Managing Hundreds of Millions of Orders with Table Store
By Wang Tantan (Si Ming)
Ordering systems are a type of general-purpose systems that are widely used in various industries, such as e-commerce orders, bank journal entries, and phone bills from communication service providers. Traditional practices for these systems have been established over decades of development. However, the development of Internet and increasing importance attached to data by enterprises lead to an increasing number of orders that need to be stored and persisted. The increasing data importance and data scale bring new challenges.
“E-commerce Platform A” needs to persist all the order data produced on this platform.

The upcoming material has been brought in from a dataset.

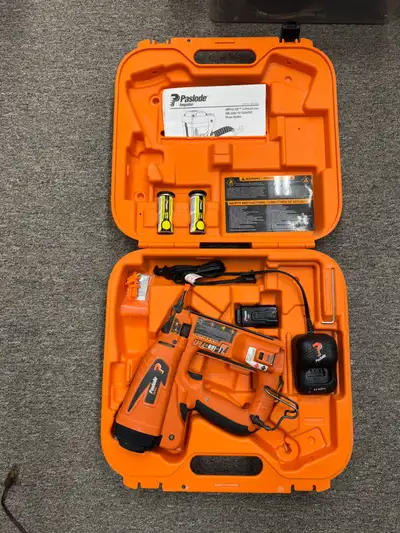 Paslode IMLi200 18ga Cordless Li-Ion Brad Nailer Kit, View more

Meanwhile, based on all the order data, the system needs to provide diversified query services targeting multiple roles: consumers, shop owners, and the platform. Consumers can query their historical orders, sellers can use statistics to find out best-selling products, and the platform can also analyze information such as user behaviors and platform transaction scale. The main query methods include multi-dimensional order retrieval, order data analysis, and statistics. The following are some examples:
Query targeting consumers: [consumer A] [recent year] [computers sold] order query;
Query targeting salespersons: [salesperson B] * [last month] sales orders;
In order scenarios, several technical factors need to be taken into consideration, including:
- Query capability: A variety of query types should be supported, such as multi-dimensional query, range query, and fuzzy query; in addition, features such as sorting and statistics are also required.

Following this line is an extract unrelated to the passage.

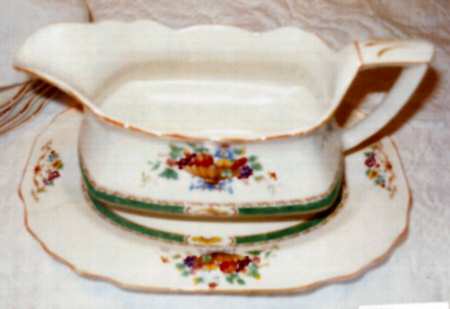MYO162 Gravy Boat & Underplate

- Data volume: An order system can store massive amounts of data and meet requirements such as strong consistency, high availability, and low cost.

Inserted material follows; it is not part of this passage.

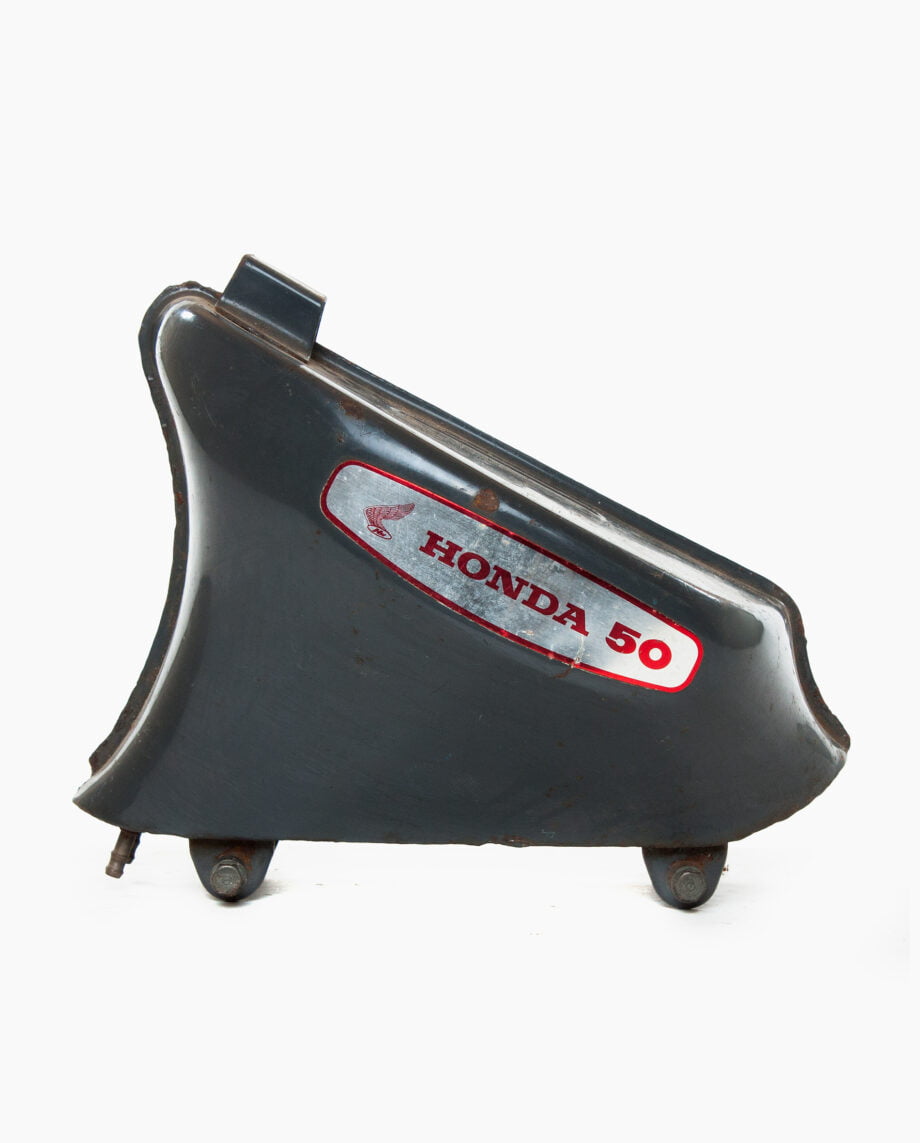 Honda C50 petrol tank (nr. 71)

- Service performance: An order system is required to deal with highly concurrent requests and ensure low latency at the same time.
Multi-dimensional and real-time querying is a core feature of order management solutions. For more information, check Project Sample on the official console webpage.
In e-commerce, traditional MySQL solutions are usually used to meet requirements of order scenarios. The powerful query capability of the relational database allows users to implement multi-dimensional order query and data statistics directly by using SQL statements. Data expansion includes horizontal expansion and vertical expansion. Horizontal data expansion means that new field dimensions are constantly added in an iterative manner, and vertical data expansion refers to the increase in the total data storage volume. MySQL solutions alone gradually become difficult to deal with these two types of data expansion. The “SQL + NoSQL” combination solution (hereinafter referred to as “combination solution”) is implemented and used to solve the needs in different scenarios by utilizing advantages of both the databases. However, the combination solution also causes new problems: The combination solution has higher storage costs and increases development work and the complexity of maintenance. Additional costs are incurred to ensure data consistency.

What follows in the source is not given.